In this tutorial, we will learn the following advanced topics in Tableau:
- Understanding how LEFT, RIGHT, INNER, and OUTER Joins Work
- Joining Data in Tableau
- Joins With Duplicate Values
- Joining on Multiple Fields
- Joining Data v.s. Blending Data in Tableau
- Data Blending in Tableau
- Creating Calculated Fields in a Blend (Advanced Topic)
- Creating Table Calculations
- Creating Bins and Distributions
- Leveraging the Power of Parameters
First, we will try and understand the concept of joins.
Often our data is not a single table but a collection of tables. These are related to each other by single or multiple fields (or columns). Joins are a method for combining this related data based on the common fields. The resultant table is typically a virtual table that contains columns from all of the parent tables (that resulted in the join).
Note: Depending on the kind of join, the number of records may or may not be identical to the number of rows in original tables.

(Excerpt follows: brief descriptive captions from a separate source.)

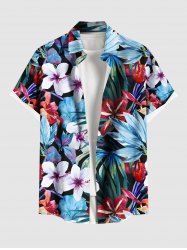 Plus Size Flowers Leaf Tropical Print Buttons Pocket Hawaii Shirt For Men -  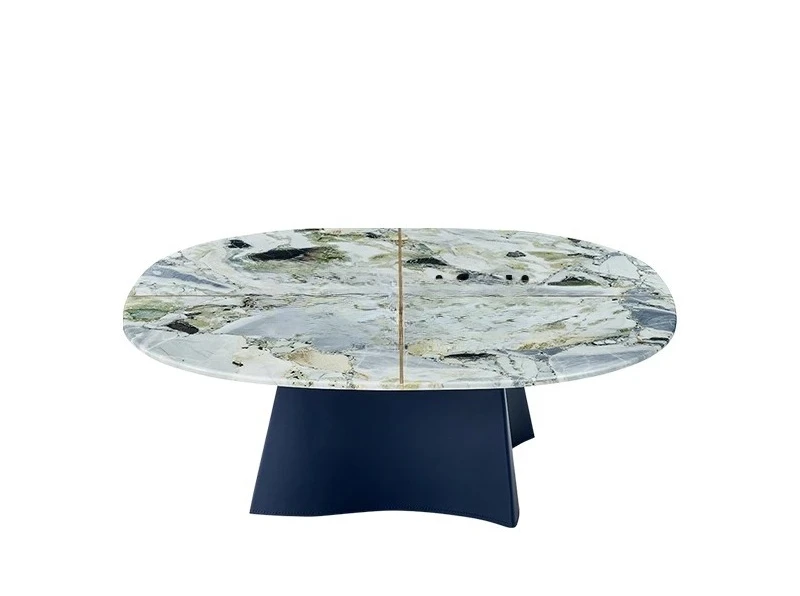 

Итальянский минималистичный круглый журнальный столик с поверхностью из натурального мрамора, дизайнерский креативный столик с краями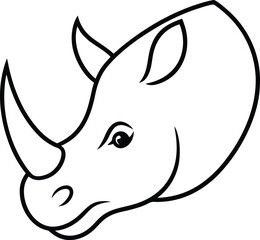 Naklejka premium Stylized black and white illustration of a smiling rhinoceros head profile for design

For instance, if we take our Sales data: data from both Orders and Returns table can be combined via a Join. This will add more details to the sales orders that were returned and allow us to investigate the potential causes.
There are four types of Joins in Tableau or any database programming language like SQL, Postgres, etc.
These are inner, left, right, and full outer joins. The type of join depends on the line of exploration and tables under consideration.
Inner Join: When you use an inner join to combine tables, the result is a table that contains values that have matches in both tables.
Representative of Inner Join’s corresponding Venn diagram as per set theory. Notice that the intersection of the two tables is highlighted.
Left Join: When you use a left join to combine tables, the result is a table that contains all values from the left table and corresponding matches from the right table.
When a value in the left table doesn’t have a corresponding match in the right table, you see a null value in the data grid.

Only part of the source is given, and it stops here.